I understood. I had walked thousands of miles on the same canyon trails as Arnulfo and on paths through the North Carolina mountains wearing sandals. I wanted my bare feet as close to direct contact with earth and rocks as possible. The canyon trails demand that one walk lightly over the rocky paths with agility and flexibility. In some places the paths are smooth, hard packed dirt, a joy to glide across but the majority of the trails are filled with unstable rocks. Without constant mindfulness the trails can be treacherous.
“Do you ever run barefoot as some outsiders have claimed?”
“Claro que no,” he laughed like he was unsure of my gringo sanity. His land is studded with a million thorns and sharp-edged stones, with scarred feet, gnarled toes and cracked nails bearing witness.
“Would you like to run, or even live in another country like the United States or in a city like Chihuahua so you would have more opportunity to compete in races?
“Too many people in the city. Too much noise and the air smells bad.” He scanned the few simple homes spread along the perimeter of the canyon’s rim and the rolling fields dotted with cows and goats. “I prefer to stay here in the canyons and live a normal life.”
I asked him one more important question. I wanted to settle once and for all the running habits of Tarahumara athletes and correct the common misperceptions of outsiders.
“Do you train for the races like the international and national runners?”
“Not at all?”
“Solamente corro en carreras…o cuando me asusto,” he cackled. He said he only runs when he competes in races, or when he’s scared.

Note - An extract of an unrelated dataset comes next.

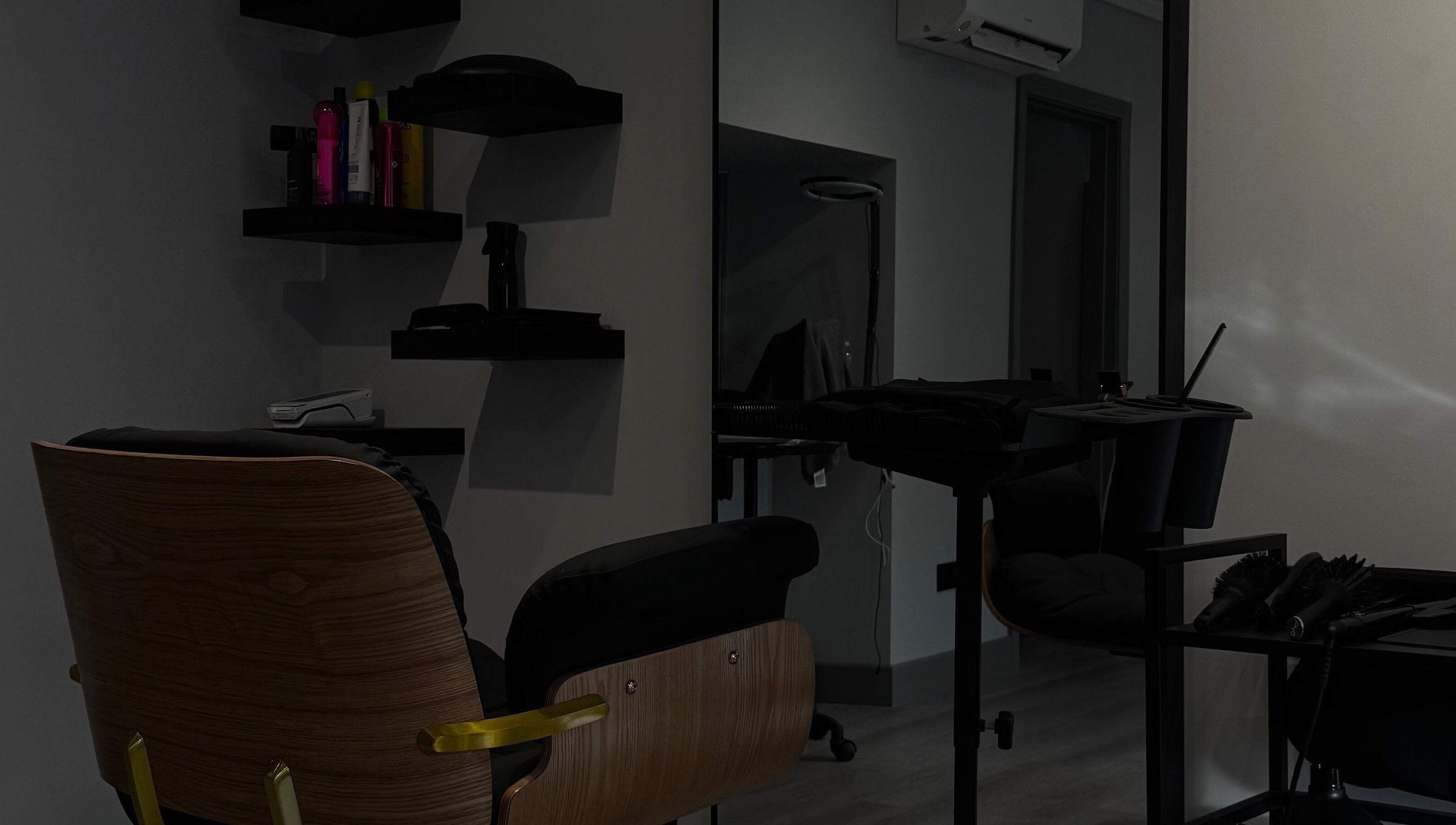 Modern hair salon setup at HAIR Extensions & Treatments, Ennis, County Clare, IE, featuring sleek chair and tools.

“You don’t prepare for the races at all?” I wanted to make sure I had heard him correctly.
“No. Nada.” Period.
In his inimitable manner, Arnulfo exploded the popular myth that Tarahumara run all the time. They do run, walk, and trek everywhere they go, but they train for races very little. They don’t have the caloric luxuries of training hard year-round; most of their running is to get somewhere. Yet, when Arnulfo and other Tarahumara do race, they run a very long way and with an deeply rooted passion, even reverence, for the joy of being in motion.